BTC On-Chain Analysis: Long-Term Holders Remain Dormant During Bounce
BeInCrypto takes a look at on-chain indicators for (BTC), more specifically the Coin Days Destroyed (CDD) indicator. This indicator is analysed to determine the age of coins being transacted and if long-term holders are exiting during the recent price rebound
Several versions of the CDD show lower-than-average values — a sign that old coins are not being transacted. Therefore, long-term holders don’t appear to be exiting the market during the current bounce.
CDD is an indicator which measures how long a BTC remains unspent prior to being transacted. Each day that it remains unspent, it accumulates one “coin day.” When the coin is transacted, these accumulated days are destroyed.
The CDD reading shows how many coin days are destroyed each day. A high reading indicates that coins that were previously dormant for a significant period of time are now being moved. This typically occurs during significant price increases and during bounces after sharp drops.
After the 2017 BTC top was reached, the CDD spiked considerably numerous times. This was a sign of old coins exiting the rally on almost every bounce. In hindsight, it meant that old coins were using these spikes in order to exit the market prior to the continuation of the correction.
During this period, the CDD spiked five times, reaching values between 16.5 million and 32.2 million.
However, the same thing has not occurred after the 2021 top. While CDD reached a high of 19.3 million at the time of the top, it has moved above 15 million only twice during the correction, on April 30 and May 24.
Therefore, unlike during the 2017 correction, old coins are not exiting during the bounce, despite the significant drop since the $64,437 all-time high BTC price.
Binary CDD is an indicator that measures whether each specific day had a higher than average coin days destroyed reading.
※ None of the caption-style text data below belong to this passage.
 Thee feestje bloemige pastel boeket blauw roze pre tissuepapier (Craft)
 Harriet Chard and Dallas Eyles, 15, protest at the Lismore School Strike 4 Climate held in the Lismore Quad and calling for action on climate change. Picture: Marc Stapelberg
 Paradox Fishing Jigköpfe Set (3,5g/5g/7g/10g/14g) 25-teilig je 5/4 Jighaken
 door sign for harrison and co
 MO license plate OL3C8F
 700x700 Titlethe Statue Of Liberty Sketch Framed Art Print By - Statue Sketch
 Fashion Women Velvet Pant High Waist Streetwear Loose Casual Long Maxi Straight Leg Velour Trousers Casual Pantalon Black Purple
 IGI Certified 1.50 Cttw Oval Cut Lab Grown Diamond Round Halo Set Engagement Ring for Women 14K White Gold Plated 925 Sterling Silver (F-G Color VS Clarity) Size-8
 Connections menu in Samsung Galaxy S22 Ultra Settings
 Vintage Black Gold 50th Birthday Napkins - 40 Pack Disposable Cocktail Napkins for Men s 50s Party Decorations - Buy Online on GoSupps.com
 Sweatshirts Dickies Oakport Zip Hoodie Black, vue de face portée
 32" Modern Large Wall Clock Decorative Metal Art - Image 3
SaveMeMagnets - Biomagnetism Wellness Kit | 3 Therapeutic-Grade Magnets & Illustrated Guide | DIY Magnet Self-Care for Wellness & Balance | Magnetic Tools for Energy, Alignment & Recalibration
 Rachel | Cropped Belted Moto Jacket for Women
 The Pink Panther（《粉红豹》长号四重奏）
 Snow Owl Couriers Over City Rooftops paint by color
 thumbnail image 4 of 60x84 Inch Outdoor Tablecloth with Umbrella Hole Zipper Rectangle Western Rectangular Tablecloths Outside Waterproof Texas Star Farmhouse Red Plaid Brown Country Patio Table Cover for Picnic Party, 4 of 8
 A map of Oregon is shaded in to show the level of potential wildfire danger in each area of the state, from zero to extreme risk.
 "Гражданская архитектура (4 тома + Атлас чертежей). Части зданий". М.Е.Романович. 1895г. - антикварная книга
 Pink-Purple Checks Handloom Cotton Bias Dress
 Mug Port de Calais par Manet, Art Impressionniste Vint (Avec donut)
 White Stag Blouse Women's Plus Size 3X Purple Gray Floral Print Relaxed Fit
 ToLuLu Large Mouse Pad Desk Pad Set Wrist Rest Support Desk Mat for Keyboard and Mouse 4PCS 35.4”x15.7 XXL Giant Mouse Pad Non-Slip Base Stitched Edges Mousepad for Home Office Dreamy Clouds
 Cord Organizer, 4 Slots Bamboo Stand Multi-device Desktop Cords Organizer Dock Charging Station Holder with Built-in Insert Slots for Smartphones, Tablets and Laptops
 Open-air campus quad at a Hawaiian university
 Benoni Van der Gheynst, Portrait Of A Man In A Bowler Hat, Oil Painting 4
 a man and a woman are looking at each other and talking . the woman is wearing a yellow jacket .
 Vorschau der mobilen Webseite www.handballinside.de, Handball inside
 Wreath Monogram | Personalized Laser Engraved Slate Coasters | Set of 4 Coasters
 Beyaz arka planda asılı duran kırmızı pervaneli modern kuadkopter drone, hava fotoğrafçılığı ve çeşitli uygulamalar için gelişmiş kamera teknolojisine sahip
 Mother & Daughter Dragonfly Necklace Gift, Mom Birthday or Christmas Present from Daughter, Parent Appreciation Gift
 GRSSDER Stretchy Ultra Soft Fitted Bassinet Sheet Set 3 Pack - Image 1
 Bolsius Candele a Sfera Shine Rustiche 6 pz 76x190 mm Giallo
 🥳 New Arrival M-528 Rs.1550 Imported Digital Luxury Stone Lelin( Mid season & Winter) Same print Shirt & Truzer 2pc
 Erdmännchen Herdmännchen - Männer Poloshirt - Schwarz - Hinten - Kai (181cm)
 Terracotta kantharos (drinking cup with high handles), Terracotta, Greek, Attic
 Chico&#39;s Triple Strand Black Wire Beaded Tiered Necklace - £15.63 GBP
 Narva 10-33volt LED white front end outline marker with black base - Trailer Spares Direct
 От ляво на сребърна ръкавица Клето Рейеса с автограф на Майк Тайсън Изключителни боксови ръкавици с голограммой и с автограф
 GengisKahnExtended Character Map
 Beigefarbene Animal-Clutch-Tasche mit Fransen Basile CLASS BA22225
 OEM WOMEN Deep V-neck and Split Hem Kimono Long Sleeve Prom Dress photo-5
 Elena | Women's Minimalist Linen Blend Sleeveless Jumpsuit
It gives a value of one if the CDD for the day was higher than the average CDD. Conversely, it gives a value of zero if it is not.
Since July 30, no single day has had an above average days destroyed, indicating that less and less old coins are being transacted.
In addition to this, a similar reading is given by 90-day coin days destroyed indicator, which is a rolling sum of CDD. It shows a relatively low value of 197,975. This is below the 200,000 lower threshold.
Furthermore, the reading is in stark contrast with those after the beginning of BTC corrections in both 2013 and 2017.
Both times, the 90-day CDD spiked considerably, indicating what was a exit rally for old coins prior to the continuation of the drop. In 2013, it reached values of 580,000, while it went even higher to 600,000 in 2017 (black arrows).
Therefore, almost all versions of CDD show readings that are dissimilar to relief rallies prior to the beginning of long-term corrections. A similar reading is also seen in the NUPL.